Vancouver, Canada, March 23, 2016 – Movarie Capital Corp. (TSX.V: MOV)

Movarie Capital Ltd. (TSX.V: MOV.P) (the “Company” or “Movarie”), a capital pool company listed on the TSX Venture Exchange (the “Exchange”), is pleased to announce that it has closed its Qualifying Transaction (the “QT”) and acquired a 100% in Shakti Yoga Apparel LLC. (“Shakti”).

Shakti is a privately held company incorporated under the laws of Delaware.  Shakti provides high quality Brazilian designed and manufactured active wear for the yoga, dance, fitness and life markets. Their products are made to enhance the lives of those who are passionate about yoga, fitness, health and happiness.

Shakti products are designed to offer performance, fit and comfort while incorporating both function and style.  Shakti offers a comprehensive line of apparel mainly for women including leggings, capri pants, shorts and tops designed for activities such as yoga, pole fitness, walking, running, hiking and dancing.  Shakti also offers a selection of men’s pants and shorts and a limited selection of tops and shorts for young children.  Shakti’s branded apparel is principally sold through 950 wholesale accounts located in Canada, the United States, Europe, Asia, Australia and New Zealand.  In addition, Shakti sells worldwide to individuals via its website and through a small team of sales representatives via trunk shows and pop up shops. 

Qualifying Transaction

Consideration for the acquisition of Shakti consists of the issuance of 2,000,000 Common Shares and up to US$800,000 payable as to US$250,000 on closing with the balance based on the gross margin from sales by Shakti in an amount equal to 40% in year one, 30% in year two, 20% in year three and 10% in year four.  The Company has the right to buy-out the future payments for US$300,000 on or before January 31, 2017, US$200,000 on or before January 31, 2018 and US$100,000 on or before January 31, 2019.

The 2,000,000 shares will be subject to an escrow agreement and a voluntary pooling agreement whereby 40% will be released on February 3, 2017 and 15% every 6 months thereafter until February 3, 2019 when all the shares will have been released.


The Company completed has closed a financing of $509,005 (the “Private Placement”) by the issuance of 3,393,367 shares at a price of $0.15 per share.  The Company will use the proceeds from the Private Placement to fund the acquisition of Shakti, to fund the Company’s operating expenses including marketing and for general working capital.

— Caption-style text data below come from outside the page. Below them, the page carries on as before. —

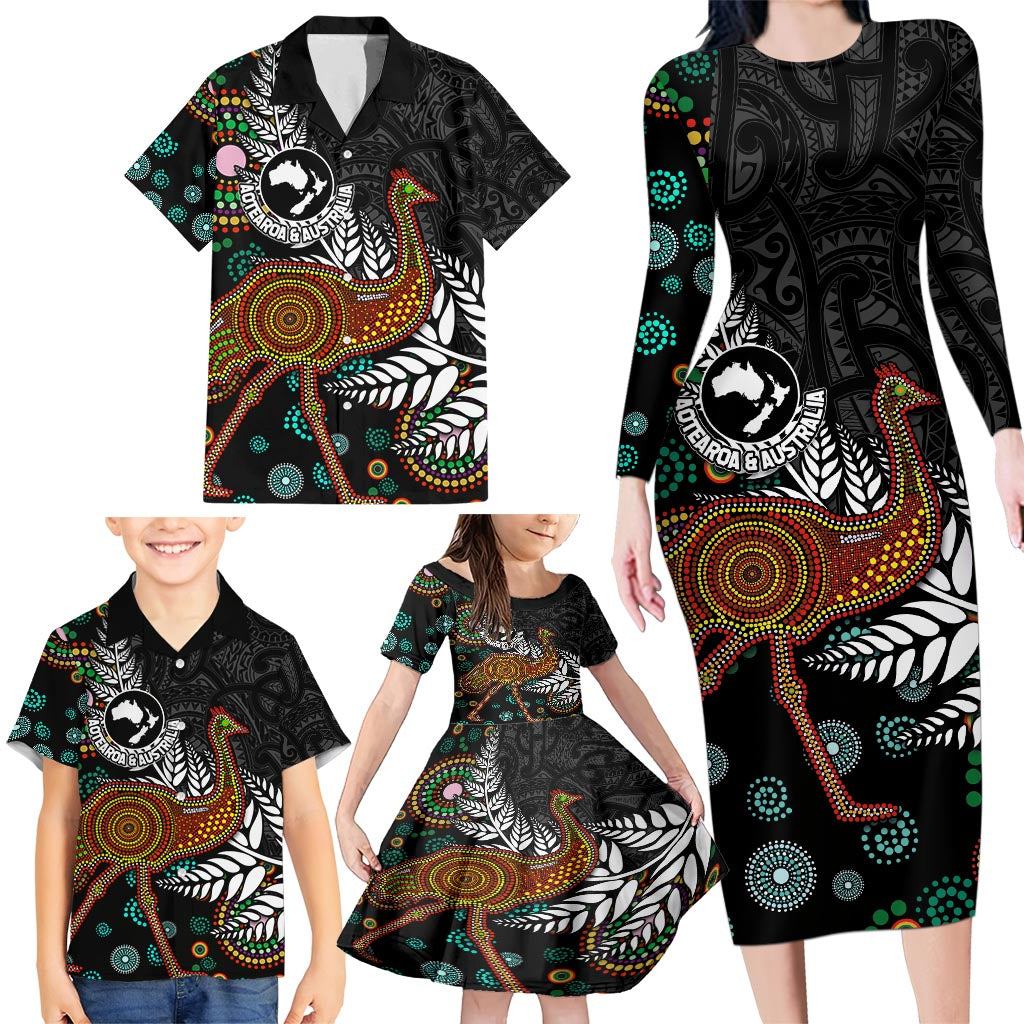 New Zealand Fern and Australia Emu Family Matching Long Sleeve Bodycon Dress and Hawaiian Shirt Aboriginal Mix Maori Pattern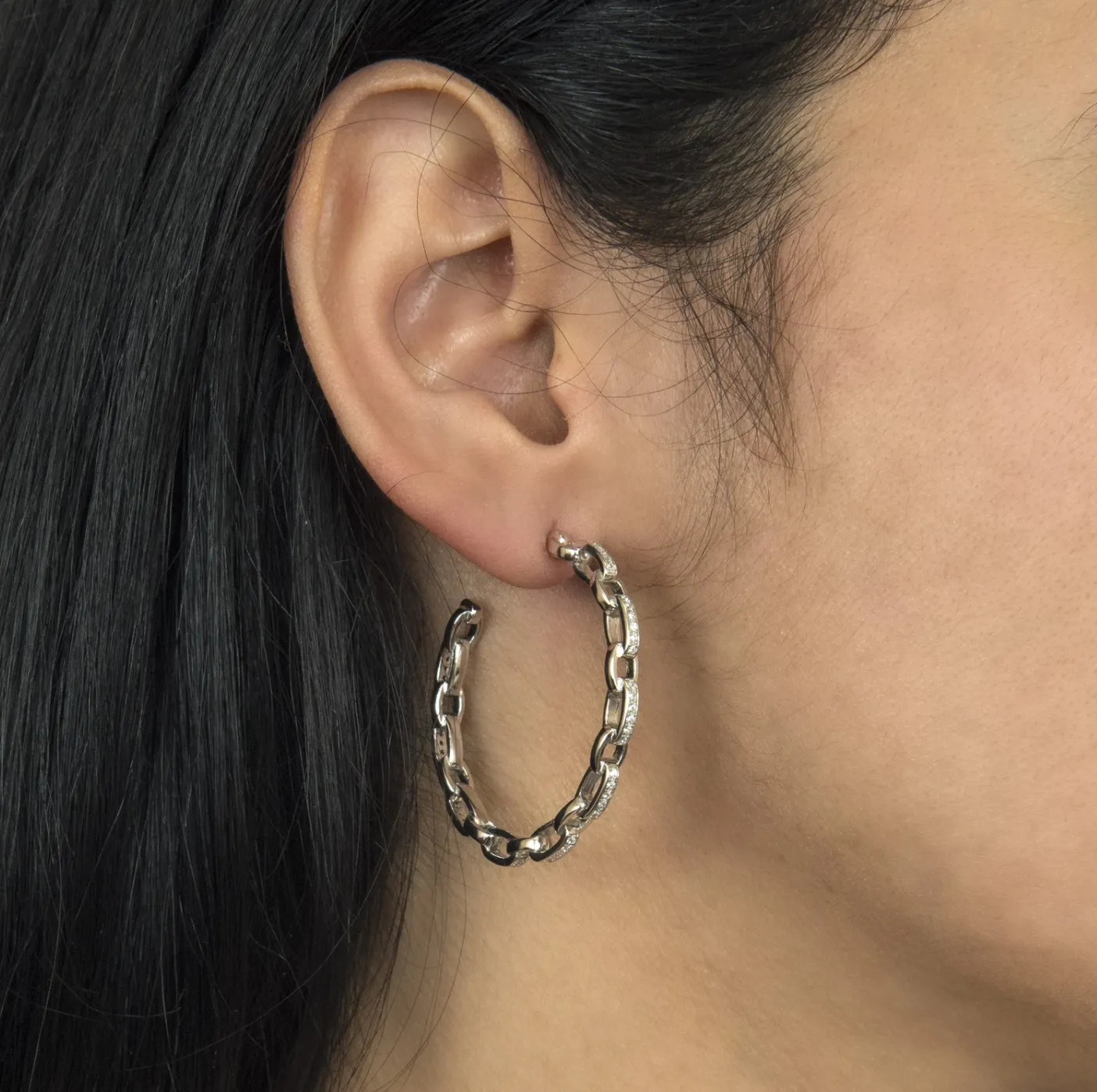 CZ Link Hoop - Gold or Silver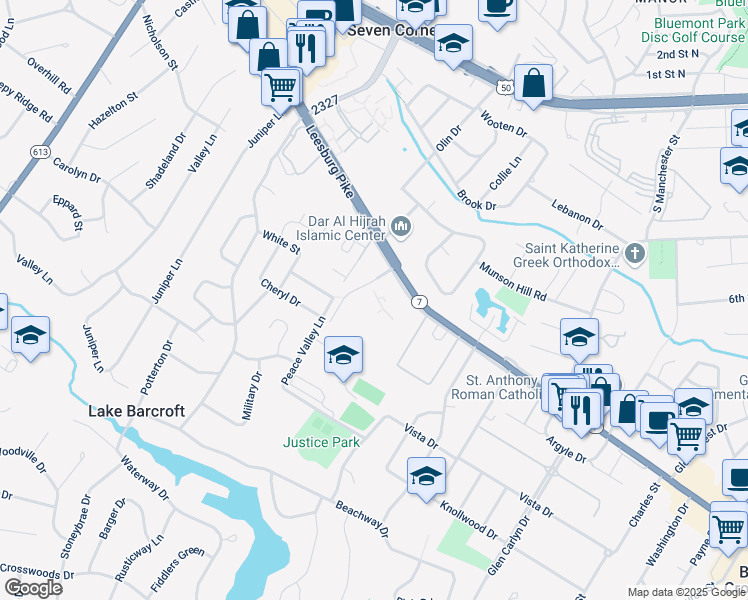 map of restaurants, bars, coffee shops, grocery stores, and more near 6145 Leesburg Pike in Falls Church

Directors and Officers of the Company

In conjunction with the closing of the QT, Alex Read, Hamed Shahbazi and Paul Condon have been appointed to the board of directors.  Mr. Read has been appointed CEO and Mr. Condon appointed COO.  Brian Levinkind will remain as the Company’s CFO but has resigned as director along with Mark Orsmond and Stephen Pearce.  Subsequent to the closing the QT, the Company has added Kenneth Cawkell to the board following the resignation of Catherine Luo.  The following is a summary of the Company directors and officers.

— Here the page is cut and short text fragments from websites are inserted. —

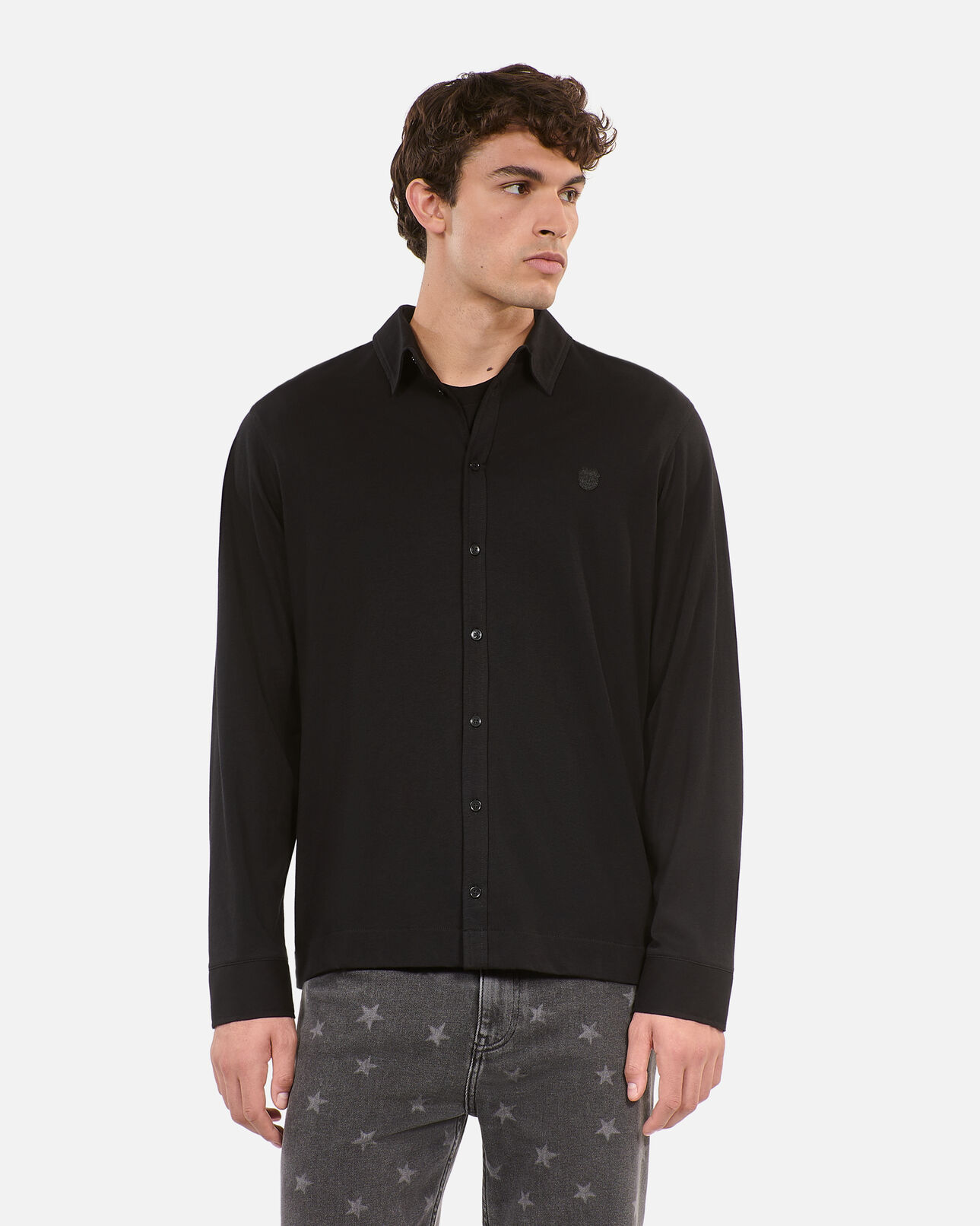 The Kooples MEN BLACK WASHED black shirt-style long-sleeved t-shirt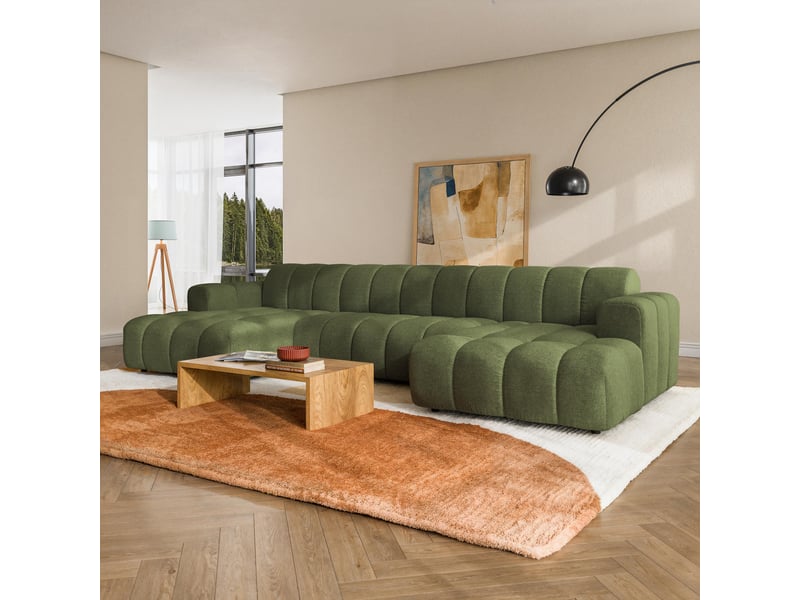  Canapé d'angle aenis, tkanina strukturalna oliwkowy  - Conforama B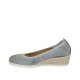 Ballerine pour femmes en cuir bleu gris talon compensé 4 - Pointures disponibles:  42, 43, 44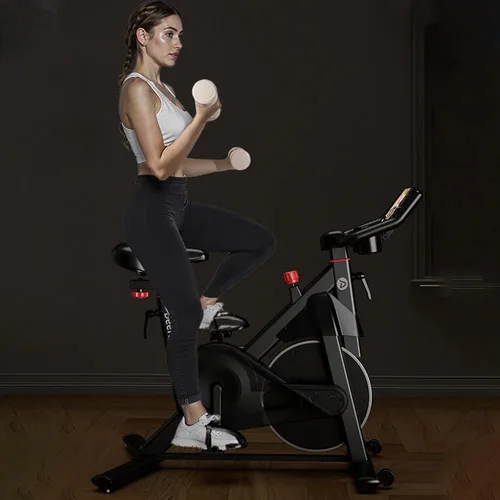 Miniatura 5 de Bicicleta fija de ejercicio DeerRun, bicicleta de ciclismo interior con freno de pastilla/magnética ajustable, bicicleta estacionaria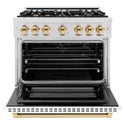 ZLINE Autograph Edition 36 in. 5.2 cu. ft. Select Gas Range with 6 Burner Cooktop and Convection Gas Oven in Satin Stainless Steel with White Matte Door and Polished Gold Accents, Open Box-Great Condition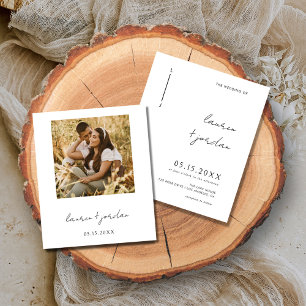 Budget Photo Boho Modern Wedding Invitation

Alex Read: Chief Executive Officer and Director

Alex Read is a seasoned entrepreneur who was the recipient of the Business In Vancouver “40 Under 40” award.  Alex has worked with a number of businesses across North America including a number of franchises with 1-800-GOT-JUNK?, You Move Me in the New Jersey area, the entrepreneurial success toolkit “Make My Marketing Work” and WOW 1 DAY! Painting in the Seattle area.  Alex brings a wealth of international business and leadership experience having worked in several countries around the world. These include such places as the UK, Australia, New Zealand, Bahrain and Canada.  Previously in his career, he has worked in a variety of senior leadership roles for companies such as American Express and 1-800-GOT-JUNK?  Alex holds an honors degree in Marketing. He is also a past Regional Director for the Canadian region of Entrepreneurs Organization (EO), a global organization.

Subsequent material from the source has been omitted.